START DATA EXTRACTS
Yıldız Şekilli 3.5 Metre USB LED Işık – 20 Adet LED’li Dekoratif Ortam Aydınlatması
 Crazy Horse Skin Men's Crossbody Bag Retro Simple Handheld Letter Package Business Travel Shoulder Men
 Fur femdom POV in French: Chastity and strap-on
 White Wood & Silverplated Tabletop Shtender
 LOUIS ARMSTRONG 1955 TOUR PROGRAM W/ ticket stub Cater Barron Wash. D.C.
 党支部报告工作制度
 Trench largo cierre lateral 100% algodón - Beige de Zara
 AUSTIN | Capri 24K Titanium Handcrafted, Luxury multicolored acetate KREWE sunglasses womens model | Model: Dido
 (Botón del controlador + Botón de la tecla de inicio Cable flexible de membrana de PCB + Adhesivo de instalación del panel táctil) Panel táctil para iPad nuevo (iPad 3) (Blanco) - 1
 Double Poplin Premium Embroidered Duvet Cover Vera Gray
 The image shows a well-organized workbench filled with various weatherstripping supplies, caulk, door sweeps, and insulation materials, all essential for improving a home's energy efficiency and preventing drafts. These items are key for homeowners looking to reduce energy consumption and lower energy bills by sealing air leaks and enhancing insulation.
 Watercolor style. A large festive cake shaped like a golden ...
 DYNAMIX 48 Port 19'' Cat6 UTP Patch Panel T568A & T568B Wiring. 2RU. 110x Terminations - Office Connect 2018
END DATA EXTRACTS
**HOW TO COMPLETE THIS TASK**: What needs duplicating is the run of lines from the one containing "AUSTIN | Capri" through the last line of the entries above, exact and complete.

**RESPONSE**:
 AUSTIN | Capri 24K Titanium Handcrafted, Luxury multicolored acetate KREWE sunglasses womens model | Model: Dido
 (Botón del controlador + Botón de la tecla de inicio Cable flexible de membrana de PCB + Adhesivo de instalación del panel táctil) Panel táctil para iPad nuevo (iPad 3) (Blanco) - 1
 Double Poplin Premium Embroidered Duvet Cover Vera Gray
 The image shows a well-organized workbench filled with various weatherstripping supplies, caulk, door sweeps, and insulation materials, all essential for improving a home's energy efficiency and preventing drafts. These items are key for homeowners looking to reduce energy consumption and lower energy bills by sealing air leaks and enhancing insulation.
 Watercolor style. A large festive cake shaped like a golden ...
 DYNAMIX 48 Port 19'' Cat6 UTP Patch Panel T568A & T568B Wiring. 2RU. 110x Terminations - Office Connect 2018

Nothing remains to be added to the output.